At once, the two pick up their chalk and throw themselves into a game of artistic one-upmanship wherein Eva's cat turns into a super-hero marmot, Sam summons a marmot-crushing piano from the sky, and Eva turns the tables on Sam by changing the piano into confetti. Not to be outdone, Sam conjures up exploding confetti. Seeing their collaborative endeavour turned into a murderous mash-up, Eva says, "I don't like this story anymore" and stomps off. Sam has won the no-rules game technically, but, as he keeps on drawing, he admits that playing by himself is not the same.

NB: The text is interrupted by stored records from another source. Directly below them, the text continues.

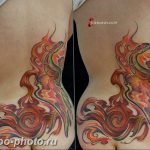 фото идеи тату феникс 18.12.2018 №203 - photo ideas tattoo phoenix - tattoo-photo.ru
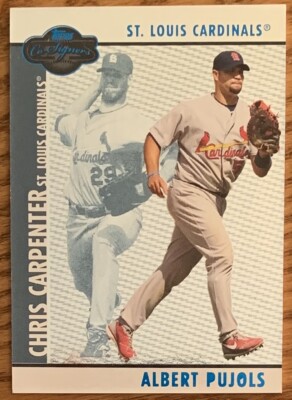 ALBERT PUJOLS, 2008 TOPPS CO-SIGNERS CARD, 198/250, WOW !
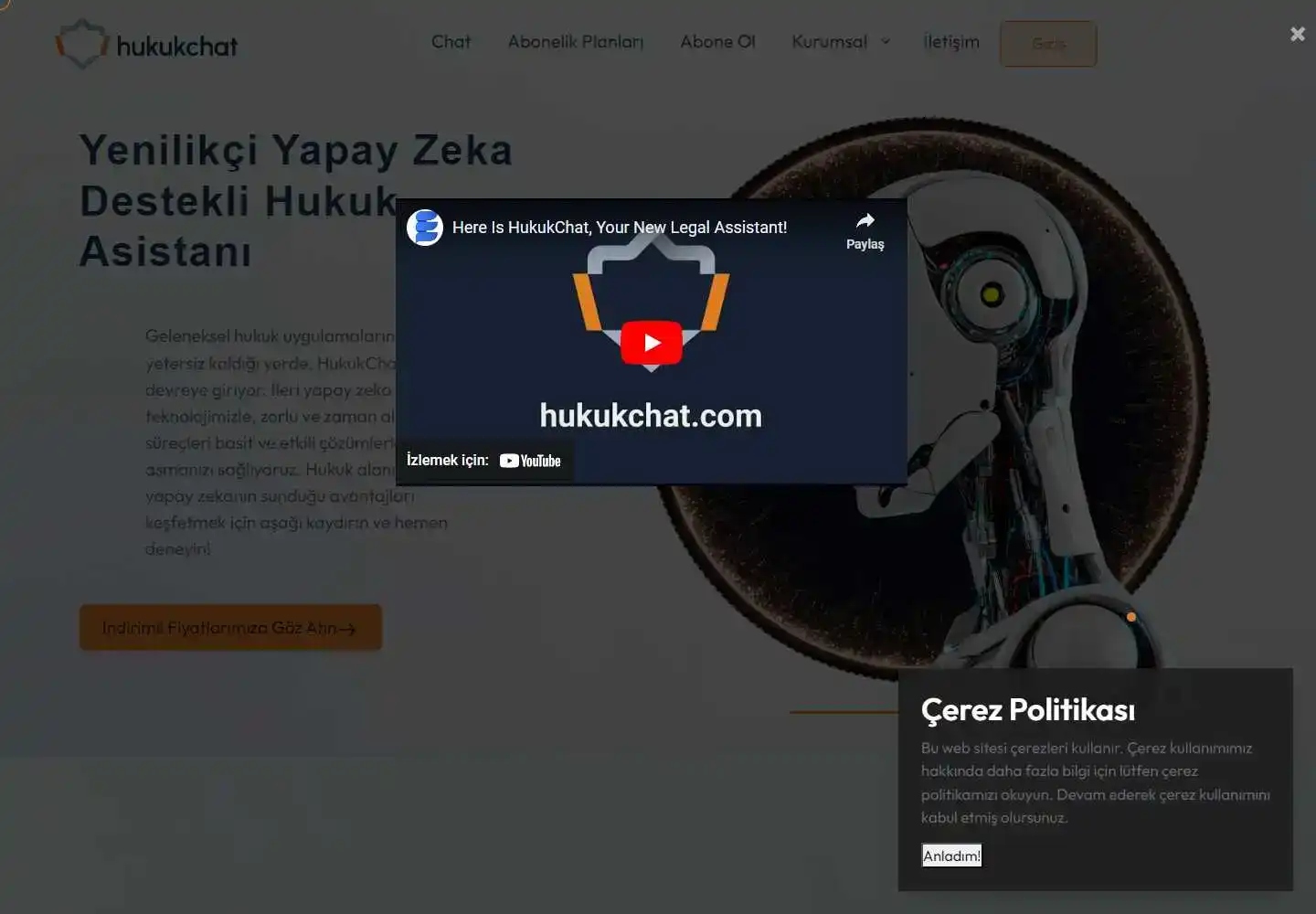 Evolvechat Yapay Zeka Teknolojileri Ticaret Anonim Şirketi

The imaginative competition as it plays out between the two children is particularly appropriate for the preschool age, even to the escalation of violence on Sam's part and the stomp-off on Eva's. Children will enjoy the sly humour throughout and, in particular, the twist at the end of the story which Ohi cleverly creates to connect its closing and opening scenes. Sam & Eva will engage both mature readers and young listeners. It will make an excellent read-aloud (perhaps along with Harold and the Purple Crayon) which could well lead to interesting discussions on creativity and collaboration.
Debbie Ridpath Ohi is the gifted author-illustrator of Where Are My Books? and has illustrated a great many children's picture books, including two by Ian Michael Black Naked! and I'm Bored, the latter a New York Times Notable Children's Book.
In Sam & Eva, Ridpath Ohi has done an excellent job of portraying her two main characters in black and white. Using just one sentence per page, Ohi creates Sam and Eva's expressive faces and body language to tell their story perfectly. Equally convincing are the drawings with which Sam and Eva fill up their blank wall, from the tidy beginning to the completely chaotic crowded last page.
While Ohi's theme in Sam & Eva is clear (How does the artist balance creativity with collaboration?), it is in no way heavy-handed. Appealing characters and a satisfying story should guarantee Sam & Eva a place among the picture books on the shelves of elementary libraries.
A retired teacher-librarian, Valerie Nielsen lives in Winnipeg, MB.